'They bubble with a kind of passion most British acts struggle to recognize, let alone harness.' NME (UK)
Almost 3 years in the making, 'A Shopkeeper Will Not Appear' mixes the European film-music tradition of Michel LeGrand & Francis Lai with distorted echoes of early Pink Floyd and Abba.
A concept album in the tradition of English pop eccentricity, it is an inter-connected narrative of 14 songs about daydreaming (the title references the master-of-ceremonies in the 1970's children's TV program 'Mr Ben'). It is the story of a Carry On film canteen- revolutionary, whose adventures in supermarkets, offices, factories and council estates are gradually transformed by the power of a beautiful soundtrack that constantly runs in his head; a backdrop of lush strings and razor wire guitars, Miles Davis-esque trumpets and steepling violins.
‘Splendid lush cinematic pop’ Time Out (LONDON)
‘Revolutionizing pop music…an absolute treasure of an album’ LOGO
‘Gorgeous melodies’ The Guardian (UK)
'All European mysticism and dramatic noirist filmscapes…. This is why music was invented!'
'The best kept secret in British pop'
('Critic's Choice' for 'Friday Night at the Trabi Races')

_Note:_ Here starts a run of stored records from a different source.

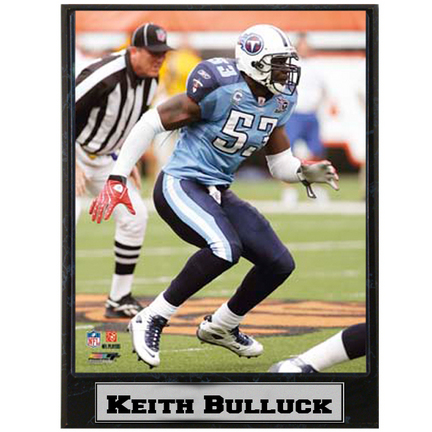 Keith Bulluck "Blue Jersey" Photograph Nested on a 9" x 12" Plaque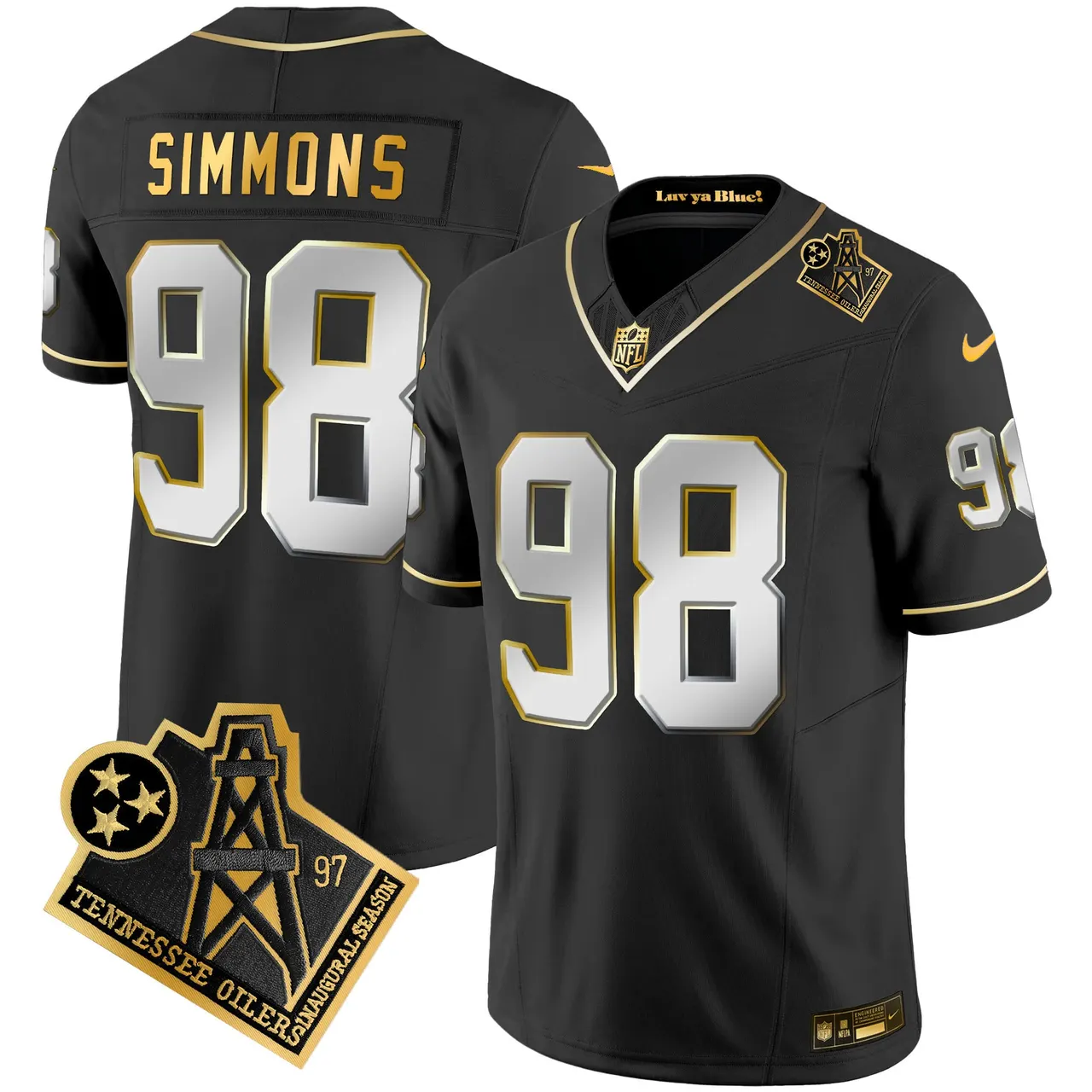 Tennessee Titans Nike 1997 Throwback Vapor Stitched Jersey - Black - Image 11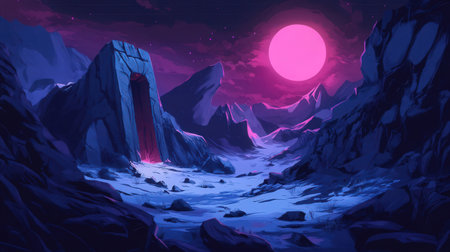 Fantasy landscape with mountains and red moon. 3d illustration.の素材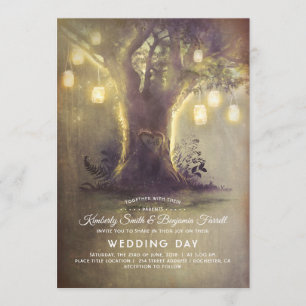 Heart Tree Mason Jar Lights Rustic Country Wedding Invitation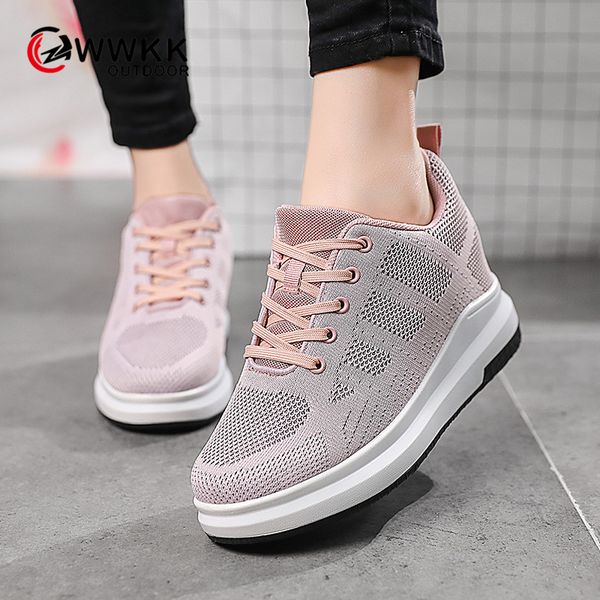 

wwkk 2019 autumn sneakers breathable mesh women running shoes increase sole hollow out female casual platform flats ladies shoes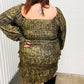 Olive green tweed mini dress with long sleeves and square neckline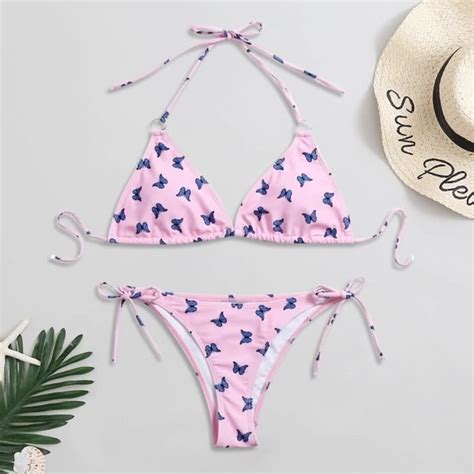 Femmes Papillon Imprimer Taille Haute Deux Pièces Bikini Maillots De Bain Maillot Beachwear Rose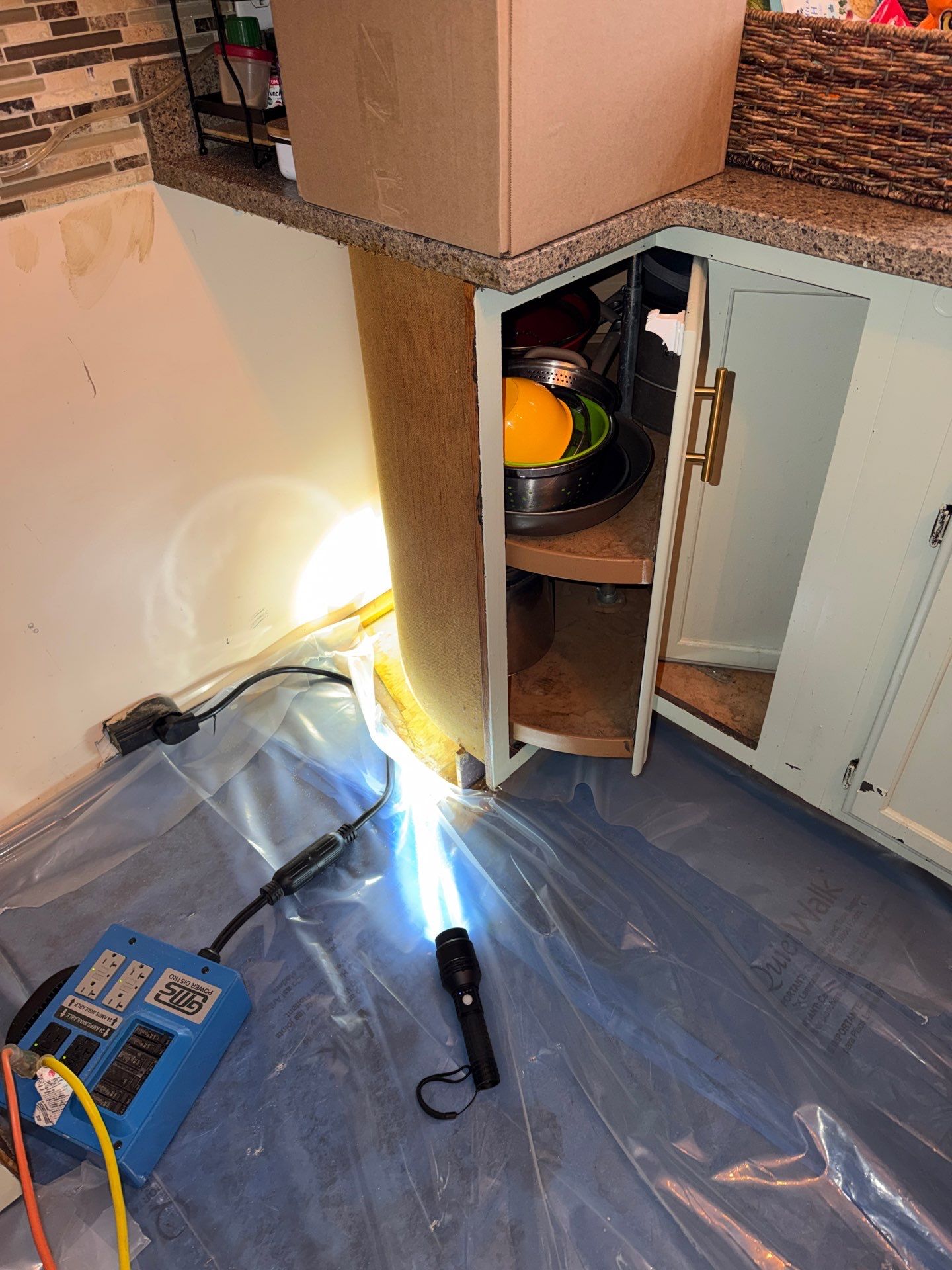water damaged kitchen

‘An extraordinary album…that is moving, constantly surprising and never dull…no offshoot of the great tree of musical hand me downs, it stands aside, tall proud and quite alone.’
Pennyblackmusic for 'Friday Night at the Trabi Races'
'The melodies are exquisite, the music consistently inventive.'
('Featured Album of the Month' for 'Friday Night at the Trabi Races')
London, England 1998: a strange collection of musical dissidents is thrown together by an advert in the back pages of the Melody Maker magazine. Glaswegian splash-kids, francophiles and classicists conspire, and as the cigarette-end of Britpop smoulders, plans are made: Plans for a new kind of pop music, part dark cabaret, part sweeping cinematic melodrama… 'Heist' is born in the autumn of that year and immediately wins the NME's new bands award.
Since then, the band's unusual and sometimes shambolic live show - a kind of costumed 60's art movie tableaux with punk attitude -- has toured extensively in the UK and Europe, making many friends. Their debut 'DEFECTORS' EP was followed by the experimental film noir/dance CD 'BERLIN EXPRESS', which attracted great critical acclaim ('Bollocks Noir!' raved the Melody Maker, '…this is why music was invented' agreed the NME). January 2001 saw the UK release of their first full-length album - 'FRIDAY NIGHT AT THE TRABI RACES'. As well as getting excellent reviews in the UK press ('exquisite melodies' noted Amazon.co.uk Critics Choice), tracks from the album have been played by on BBC Radio One's Evening Session and a number of regional and European radio stations.